見もの・読みもの日記

興味をひかれた図書、Webサイト、展覧会などを紹介。

後に残る者たちへ/中華ドラマ『一念関山』

2023-12-31 20:17:19 | 見たもの(Webサイト・TV)

〇『一念関山』全40集( 檸檬影業、愛奇藝、2023年)

 架空の王朝を舞台にした武侠劇。中原では、梧国・安国という2つの強国が覇権を争っていた。戦いに敗れた梧国皇帝は安国の捕虜となり、安国は梧国に対して、十万両の身代金を携えて迎帝使として皇子を寄こすよう要求する。迎帝使の人選に苦慮した梧国宮廷は、皇帝の異母妹で、母親の身分が低かったため、冷宮で育った公主の楊盈を皇子礼王と偽って送り出すことにした。

 梧国の秘密警察組織である六道堂の堂主・寧遠舟は、礼王の護衛として旅に同行することになった。一行には、六道堂の仲間たちのほか、寧遠舟の表妹を名乗る謎の美女・任如意が加わっていた。如意はもとの名を任辛と言い、安国の秘密警察・朱衣衛の左使をつとめた伝説の刺客だった。しかし7年前、敬愛していた安国皇后が何者かに殺害される事件に出会って以来、安国を去り、皇后殺害に関わった人々への復讐を続けていた。たまたま梧国に潜入して寧遠舟を知り、「自分の子供の父親になってほしい」と迫る。如意は亡き皇后の遺言「男性に惚れてはいけない。
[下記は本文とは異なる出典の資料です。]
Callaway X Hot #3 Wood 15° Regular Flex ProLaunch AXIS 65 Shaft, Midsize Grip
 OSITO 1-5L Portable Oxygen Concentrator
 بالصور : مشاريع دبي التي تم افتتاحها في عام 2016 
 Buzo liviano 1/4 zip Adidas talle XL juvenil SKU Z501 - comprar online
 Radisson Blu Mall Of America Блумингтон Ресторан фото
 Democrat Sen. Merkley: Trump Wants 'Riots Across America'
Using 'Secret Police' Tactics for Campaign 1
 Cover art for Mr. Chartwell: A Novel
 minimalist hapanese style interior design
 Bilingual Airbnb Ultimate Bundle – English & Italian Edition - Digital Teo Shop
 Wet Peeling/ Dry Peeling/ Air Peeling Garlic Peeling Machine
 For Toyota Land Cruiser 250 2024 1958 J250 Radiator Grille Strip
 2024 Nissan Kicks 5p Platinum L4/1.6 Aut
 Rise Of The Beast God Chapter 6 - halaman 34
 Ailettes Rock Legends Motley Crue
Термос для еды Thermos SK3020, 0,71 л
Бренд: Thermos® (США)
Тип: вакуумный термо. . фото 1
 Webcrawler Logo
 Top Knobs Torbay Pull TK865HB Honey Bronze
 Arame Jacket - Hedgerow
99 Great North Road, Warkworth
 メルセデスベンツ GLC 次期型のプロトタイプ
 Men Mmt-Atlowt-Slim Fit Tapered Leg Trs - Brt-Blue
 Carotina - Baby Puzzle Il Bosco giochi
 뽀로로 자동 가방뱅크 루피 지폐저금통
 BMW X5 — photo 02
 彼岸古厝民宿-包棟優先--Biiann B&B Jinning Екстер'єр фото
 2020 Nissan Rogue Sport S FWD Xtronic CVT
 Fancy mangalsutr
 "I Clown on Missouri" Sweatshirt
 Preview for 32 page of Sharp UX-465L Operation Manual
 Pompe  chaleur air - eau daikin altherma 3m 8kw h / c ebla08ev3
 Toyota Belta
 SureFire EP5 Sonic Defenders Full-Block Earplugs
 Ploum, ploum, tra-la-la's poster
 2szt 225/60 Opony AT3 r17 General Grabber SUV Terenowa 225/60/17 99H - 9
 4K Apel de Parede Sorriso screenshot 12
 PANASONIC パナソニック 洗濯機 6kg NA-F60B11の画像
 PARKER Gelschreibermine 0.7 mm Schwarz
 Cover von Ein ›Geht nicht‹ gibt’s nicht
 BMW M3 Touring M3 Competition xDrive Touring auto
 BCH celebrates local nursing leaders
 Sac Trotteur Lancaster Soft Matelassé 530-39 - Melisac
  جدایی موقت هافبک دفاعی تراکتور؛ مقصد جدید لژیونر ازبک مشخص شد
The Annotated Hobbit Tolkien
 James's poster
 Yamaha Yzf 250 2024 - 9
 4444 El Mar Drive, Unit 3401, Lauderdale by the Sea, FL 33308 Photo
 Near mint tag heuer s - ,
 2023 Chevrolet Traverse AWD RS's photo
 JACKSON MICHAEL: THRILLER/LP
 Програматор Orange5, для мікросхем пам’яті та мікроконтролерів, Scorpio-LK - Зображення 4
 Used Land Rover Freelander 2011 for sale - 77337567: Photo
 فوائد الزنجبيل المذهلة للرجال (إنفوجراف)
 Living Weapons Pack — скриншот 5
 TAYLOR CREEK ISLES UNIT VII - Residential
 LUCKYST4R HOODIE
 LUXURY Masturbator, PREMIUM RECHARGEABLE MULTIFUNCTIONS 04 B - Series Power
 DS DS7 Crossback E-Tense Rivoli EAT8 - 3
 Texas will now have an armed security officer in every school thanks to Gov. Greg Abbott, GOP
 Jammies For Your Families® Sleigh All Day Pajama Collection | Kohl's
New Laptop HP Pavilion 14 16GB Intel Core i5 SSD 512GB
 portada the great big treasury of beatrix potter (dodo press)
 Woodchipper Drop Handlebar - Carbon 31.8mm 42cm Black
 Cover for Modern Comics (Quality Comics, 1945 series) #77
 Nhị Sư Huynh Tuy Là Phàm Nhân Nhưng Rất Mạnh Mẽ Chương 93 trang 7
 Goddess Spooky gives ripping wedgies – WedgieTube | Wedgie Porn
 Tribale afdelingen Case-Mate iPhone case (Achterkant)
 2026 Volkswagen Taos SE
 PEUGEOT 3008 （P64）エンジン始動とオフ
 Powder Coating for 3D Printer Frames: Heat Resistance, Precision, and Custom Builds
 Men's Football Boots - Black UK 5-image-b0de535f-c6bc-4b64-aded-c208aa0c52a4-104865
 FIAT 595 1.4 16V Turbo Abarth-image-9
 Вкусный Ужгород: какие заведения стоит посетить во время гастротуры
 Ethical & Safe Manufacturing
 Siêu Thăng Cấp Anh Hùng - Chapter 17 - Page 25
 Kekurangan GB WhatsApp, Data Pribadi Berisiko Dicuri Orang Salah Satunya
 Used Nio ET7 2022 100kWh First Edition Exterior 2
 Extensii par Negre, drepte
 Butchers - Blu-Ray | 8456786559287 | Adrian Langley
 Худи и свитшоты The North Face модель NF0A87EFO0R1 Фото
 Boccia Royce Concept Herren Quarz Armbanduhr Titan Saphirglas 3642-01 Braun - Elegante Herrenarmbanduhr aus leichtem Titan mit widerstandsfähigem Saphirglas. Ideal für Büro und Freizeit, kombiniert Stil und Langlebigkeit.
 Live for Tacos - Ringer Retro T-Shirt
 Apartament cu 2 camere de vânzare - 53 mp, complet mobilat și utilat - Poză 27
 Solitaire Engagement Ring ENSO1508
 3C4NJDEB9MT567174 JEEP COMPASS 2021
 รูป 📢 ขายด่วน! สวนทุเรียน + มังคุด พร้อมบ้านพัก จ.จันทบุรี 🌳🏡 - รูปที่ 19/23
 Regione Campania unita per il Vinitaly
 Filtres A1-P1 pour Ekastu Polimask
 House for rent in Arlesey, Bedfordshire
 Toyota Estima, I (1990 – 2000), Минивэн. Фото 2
しかし子供は持つべき」を忠実に守ろうと考えていた。はじめは如意を持て余していた寧遠舟だが、次第に二人は惹かれ合っていく。

 【ややネタバレ】如意は、皇后殺害の首謀者が安国皇帝そのひとであり、大皇子も二皇子も真実を知りながら、見て見ぬふりをしていたことを知り、彼らを血祭りにあげた後、朱衣衛で各種の汚れ仕事に従事させられていた仲間たちを解放する。六道堂の人々は、安国に囚われていた梧国皇帝の奪還に成功、しかし帰国を急ぐ途中、北方の異民族である北盤人の襲撃を受ける。安国の二皇子が天門関を開いて、中原に北盤人を招き入れてしまったためだった。梧国皇帝は戦死。多大な犠牲を出した一行は合県城に籠城する。

 安国では前皇帝の死後、赤子の新帝が即位し、かつて如意を師父として武芸を磨いた李同光が摂政王となった。楊盈は、自分が女性であることを明かし、両国の和睦のため、李同光に嫁ぐことを望む。二人を中心とする援軍が合県城に到着するが、北盤人の攻撃は厳しさを増す。梧国には皇帝戦死の報が届けられ、皇弟・丹陽王が即位する。新帝は直ちに援軍を派遣するが、合県の民衆を守るため、六道堂が払った犠牲は大きかった…。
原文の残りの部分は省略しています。